◆ ASSIGNMENT ◆
When writing out the entries below, keep only the lines from the line with "Next Wide Fit" to the line with "J.Crew Rivington blue cotton shorts", both included, exactly as they are, and leave the pictures aside.

EXCERPTED RECORDS START

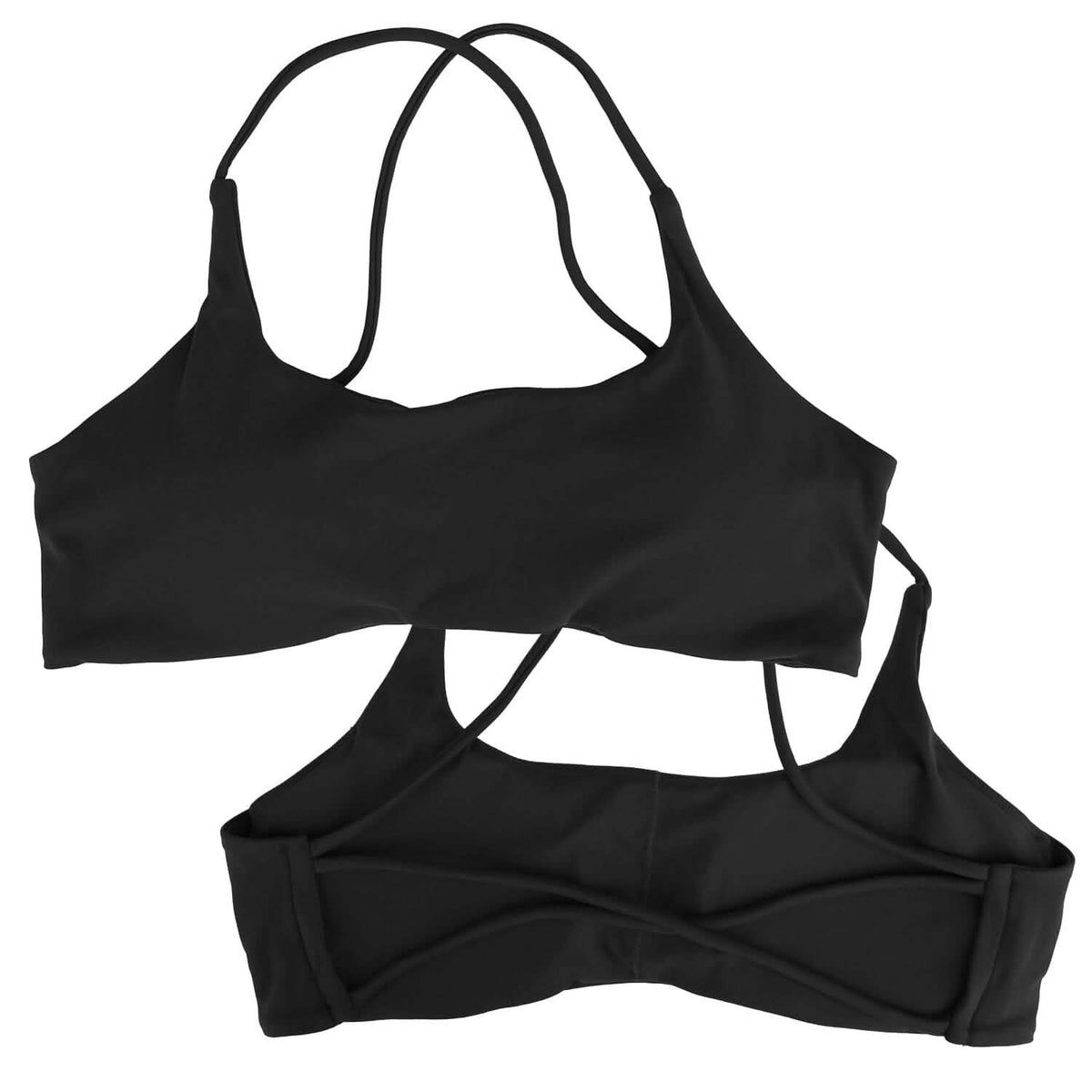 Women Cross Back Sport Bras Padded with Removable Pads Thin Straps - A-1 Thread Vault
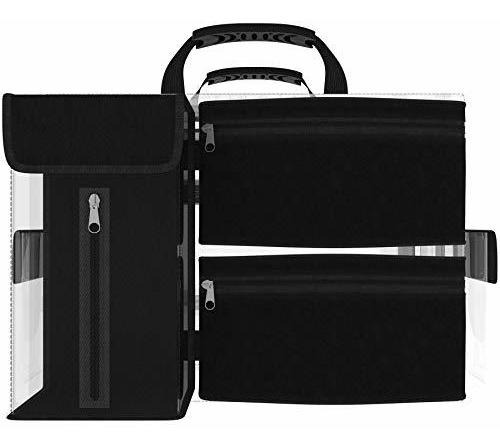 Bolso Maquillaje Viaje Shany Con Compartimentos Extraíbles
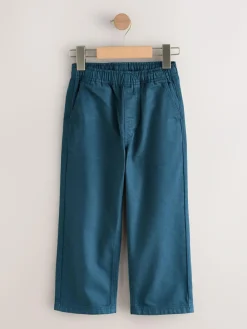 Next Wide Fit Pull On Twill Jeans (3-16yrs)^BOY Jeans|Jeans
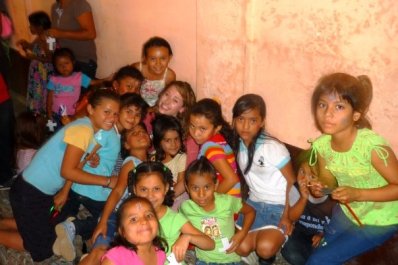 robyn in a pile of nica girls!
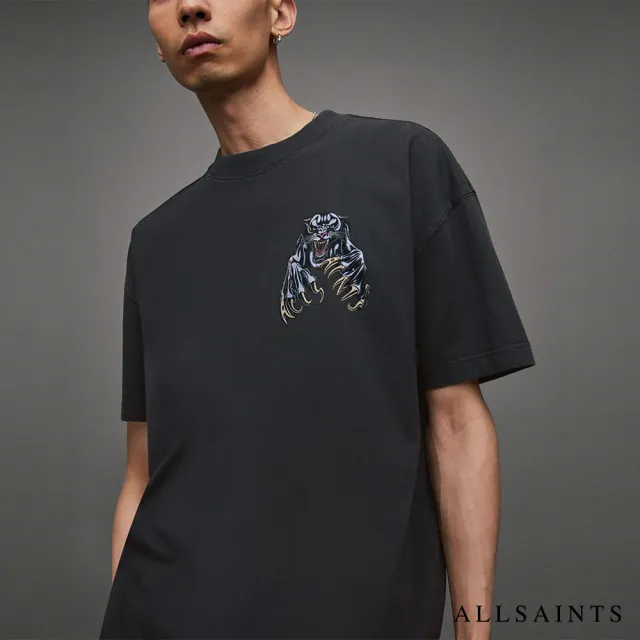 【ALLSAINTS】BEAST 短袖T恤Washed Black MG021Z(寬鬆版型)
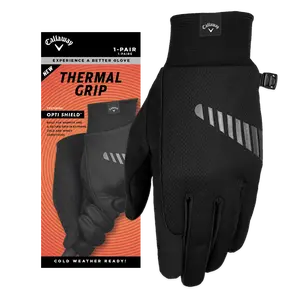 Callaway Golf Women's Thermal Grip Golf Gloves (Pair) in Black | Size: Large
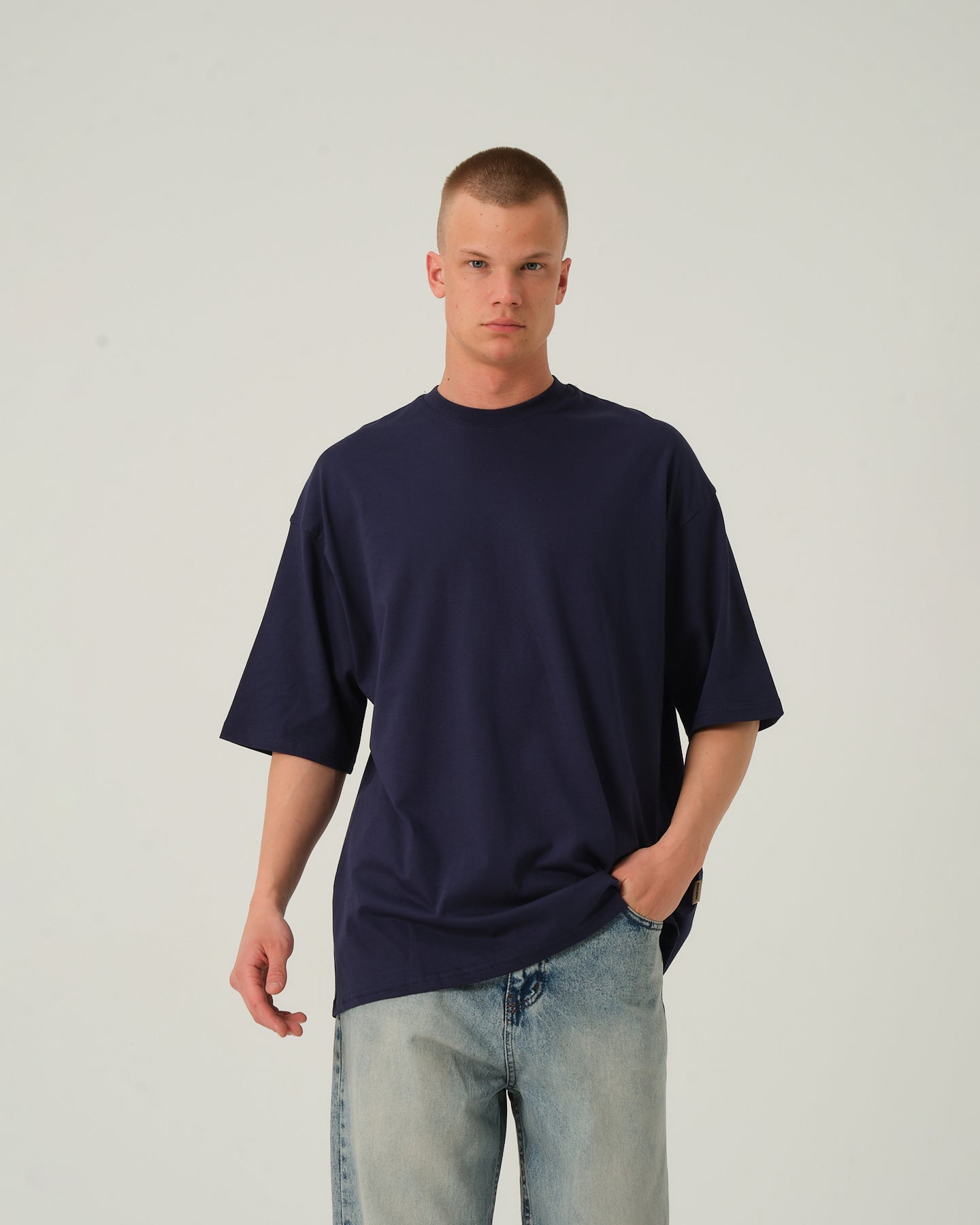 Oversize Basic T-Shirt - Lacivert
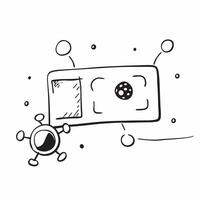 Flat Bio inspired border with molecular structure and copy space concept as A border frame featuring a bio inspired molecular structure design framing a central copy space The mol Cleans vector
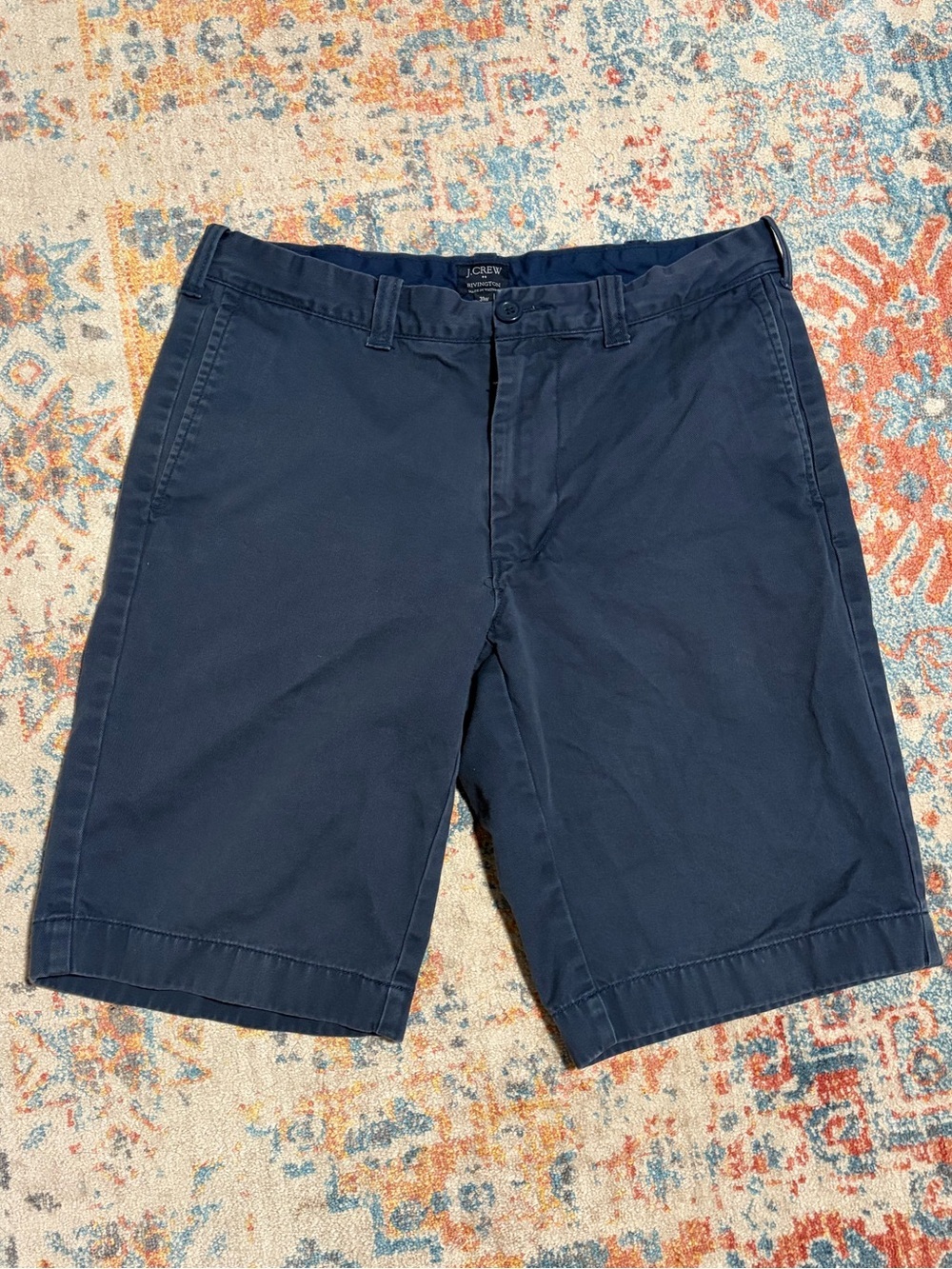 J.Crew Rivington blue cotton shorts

EXCERPTED RECORDS END
EXCERPTED RECORDS START

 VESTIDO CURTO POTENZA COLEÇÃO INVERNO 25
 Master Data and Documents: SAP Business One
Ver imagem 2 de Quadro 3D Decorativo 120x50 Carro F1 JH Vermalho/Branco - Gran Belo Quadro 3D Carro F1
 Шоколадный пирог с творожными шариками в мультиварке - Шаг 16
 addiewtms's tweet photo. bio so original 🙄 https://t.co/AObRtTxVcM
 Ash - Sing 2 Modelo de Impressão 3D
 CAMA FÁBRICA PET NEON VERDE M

EXCERPTED RECORDS END
EXCERPTED RECORDS START

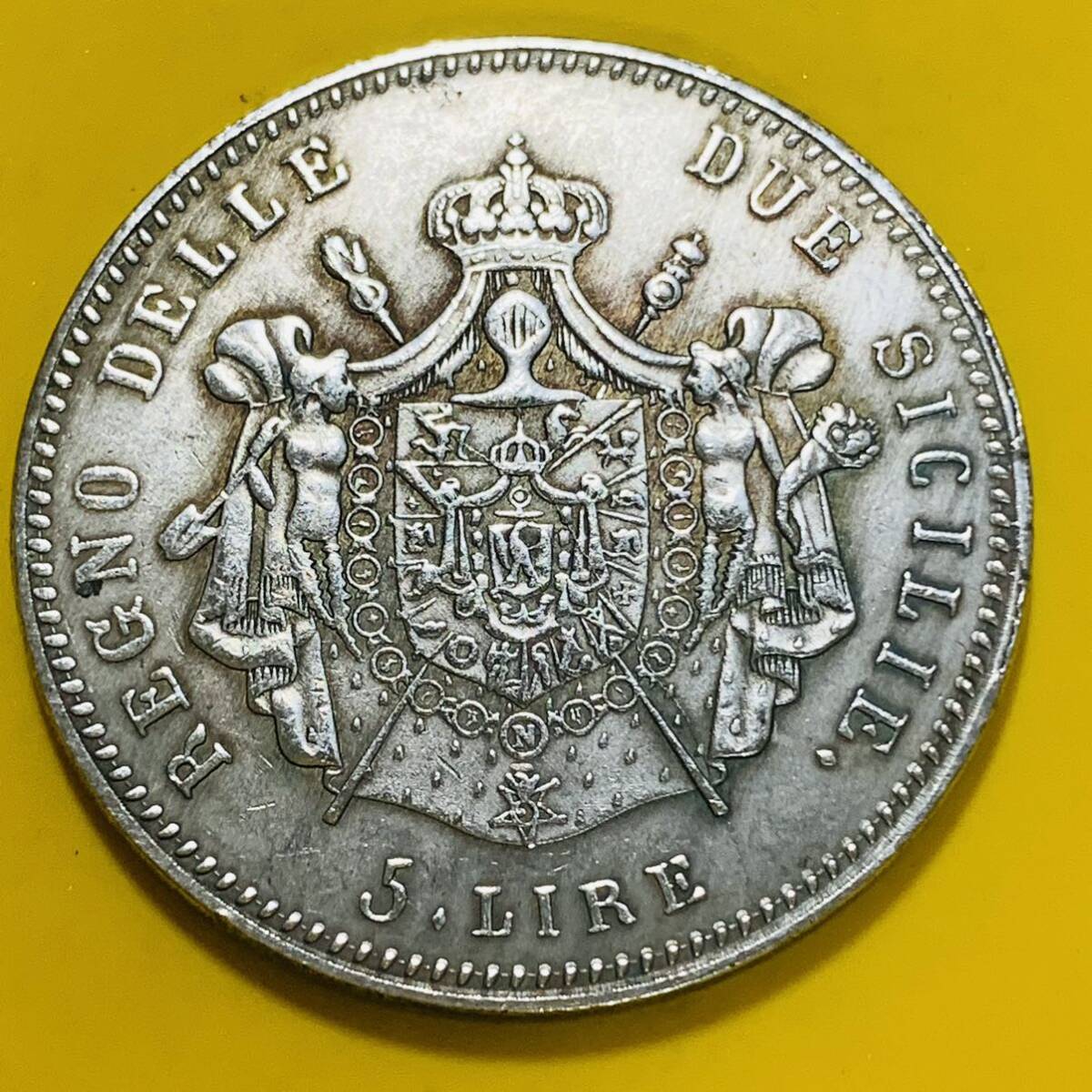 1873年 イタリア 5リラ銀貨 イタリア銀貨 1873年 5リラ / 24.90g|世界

EXCERPTED RECORDS END

◆ YOUR SOLUTION ◆
 Next Wide Fit Pull On Twill Jeans (3-16yrs)^BOY Jeans|Jeans
 robyn in a pile of nica girls!
 【ALLSAINTS】BEAST 短袖T恤Washed Black MG021Z(寬鬆版型)
 Callaway Golf Women's Thermal Grip Golf Gloves (Pair) in Black | Size: Large
 Oversize Basic T-Shirt - Lacivert
 Flat Bio inspired border with molecular structure and copy space concept as A border frame featuring a bio inspired molecular structure design framing a central copy space The mol Cleans vector
 J.Crew Rivington blue cotton shorts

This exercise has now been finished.